#### SUPPLIED MATERIAL
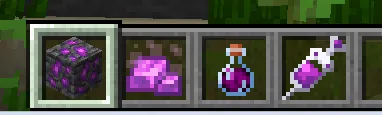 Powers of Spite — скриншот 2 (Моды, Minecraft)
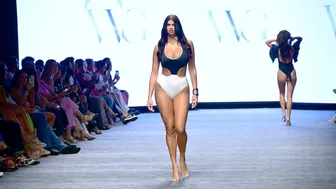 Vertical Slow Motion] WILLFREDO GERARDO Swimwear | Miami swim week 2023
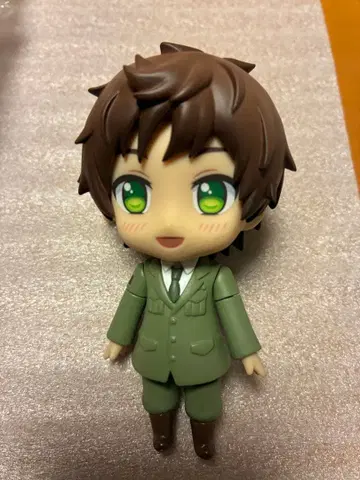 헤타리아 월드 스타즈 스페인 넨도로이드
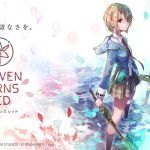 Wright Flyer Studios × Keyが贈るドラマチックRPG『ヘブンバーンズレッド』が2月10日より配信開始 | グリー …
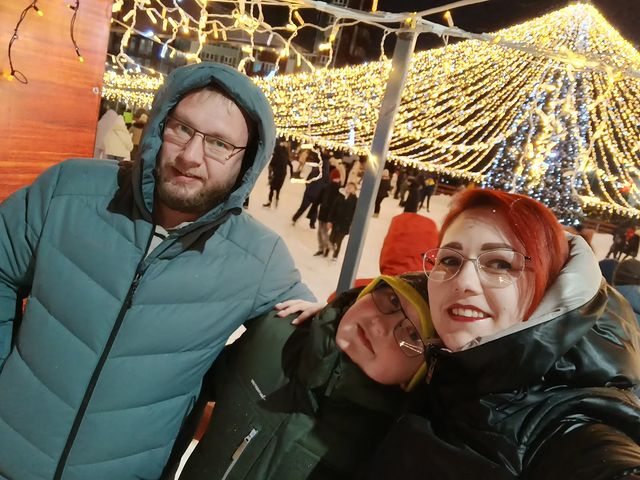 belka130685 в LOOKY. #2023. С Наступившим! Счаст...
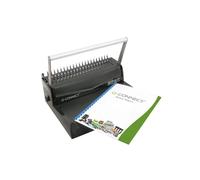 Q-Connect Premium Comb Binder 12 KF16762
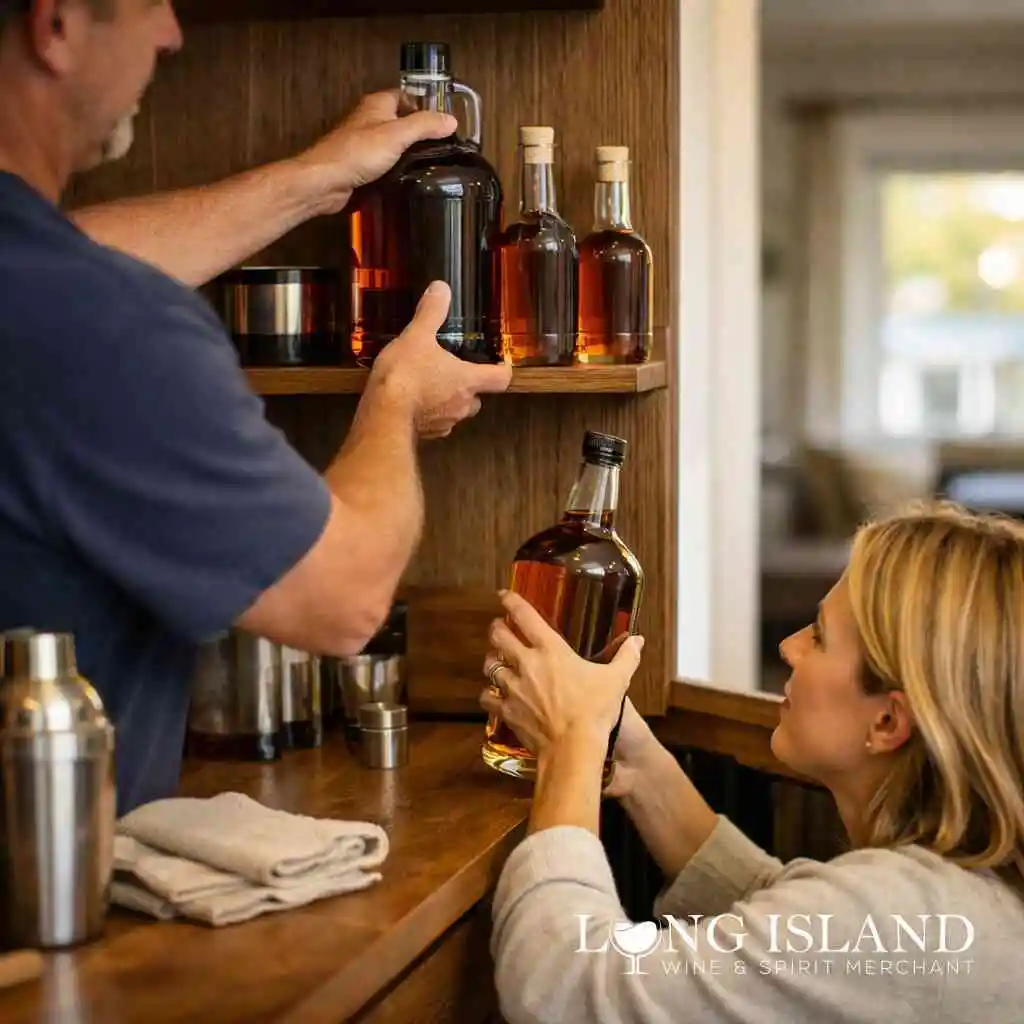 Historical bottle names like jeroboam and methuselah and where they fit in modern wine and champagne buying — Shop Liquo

#### TRY IT
The copy you produce must match the entries above exactly, except that it has no pictures.

#### EXERCISE ANSWER
 Powers of Spite — скриншот 2 (Моды, Minecraft)
 Vertical Slow Motion] WILLFREDO GERARDO Swimwear | Miami swim week 2023
 헤타리아 월드 스타즈 스페인 넨도로이드
 Wright Flyer Studios × Keyが贈るドラマチックRPG『ヘブンバーンズレッド』が2月10日より配信開始 | グリー …
 belka130685 в LOOKY. #2023. С Наступившим! Счаст...
 Q-Connect Premium Comb Binder 12 KF16762
 Historical bottle names like jeroboam and methuselah and where they fit in modern wine and champagne buying — Shop Liquo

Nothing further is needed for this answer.